** Exercise aim **
Search the data for the string "video", and report each line where it is found.

** Material for this task **
:::
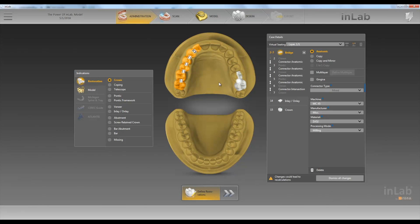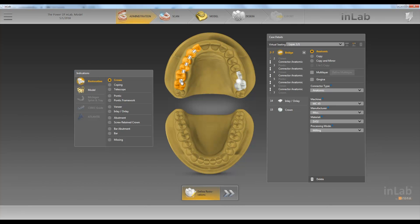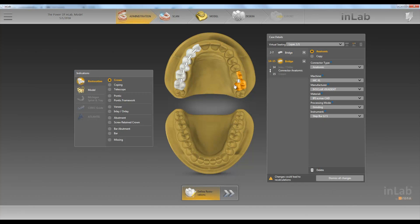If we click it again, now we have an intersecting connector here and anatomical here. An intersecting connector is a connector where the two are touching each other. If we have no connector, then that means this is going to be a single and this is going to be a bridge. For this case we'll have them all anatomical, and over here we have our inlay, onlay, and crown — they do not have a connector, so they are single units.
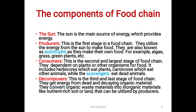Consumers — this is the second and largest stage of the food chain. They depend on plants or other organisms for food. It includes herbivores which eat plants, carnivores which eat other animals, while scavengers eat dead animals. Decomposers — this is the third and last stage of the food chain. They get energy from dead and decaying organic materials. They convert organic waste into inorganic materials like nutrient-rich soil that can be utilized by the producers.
:::
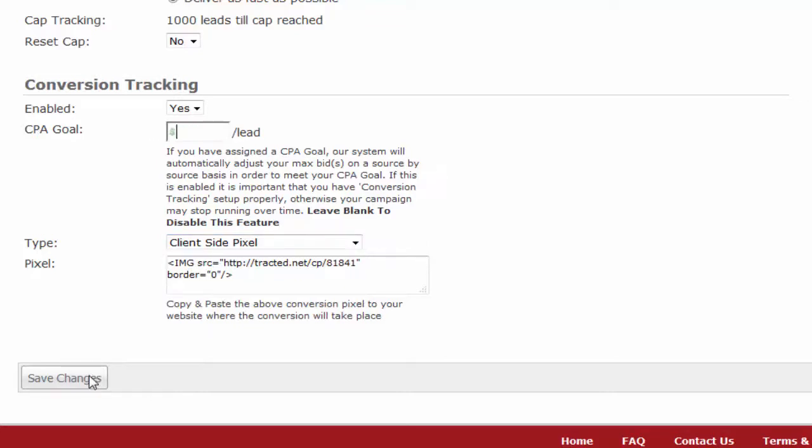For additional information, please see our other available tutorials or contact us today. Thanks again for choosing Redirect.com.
:::
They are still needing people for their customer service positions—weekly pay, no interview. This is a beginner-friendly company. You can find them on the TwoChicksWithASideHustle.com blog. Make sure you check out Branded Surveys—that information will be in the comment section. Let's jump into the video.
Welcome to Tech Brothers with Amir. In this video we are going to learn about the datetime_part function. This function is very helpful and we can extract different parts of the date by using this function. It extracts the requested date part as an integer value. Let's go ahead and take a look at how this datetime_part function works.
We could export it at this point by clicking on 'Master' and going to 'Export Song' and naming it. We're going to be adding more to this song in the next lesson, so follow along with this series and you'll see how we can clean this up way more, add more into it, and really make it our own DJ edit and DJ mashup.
:::
** Written reply **
They are still needing people for their customer service positions—weekly pay, no interview. This is a beginner-friendly company. You can find them on the TwoChicksWithASideHustle.com blog. Make sure you check out Branded Surveys—that information will be in the comment section. Let's jump into the video.
Welcome to Tech Brothers with Amir. In this video we are going to learn about the datetime_part function. This function is very helpful and we can extract different parts of the date by using this function. It extracts the requested date part as an integer value. Let's go ahead and take a look at how this datetime_part function works.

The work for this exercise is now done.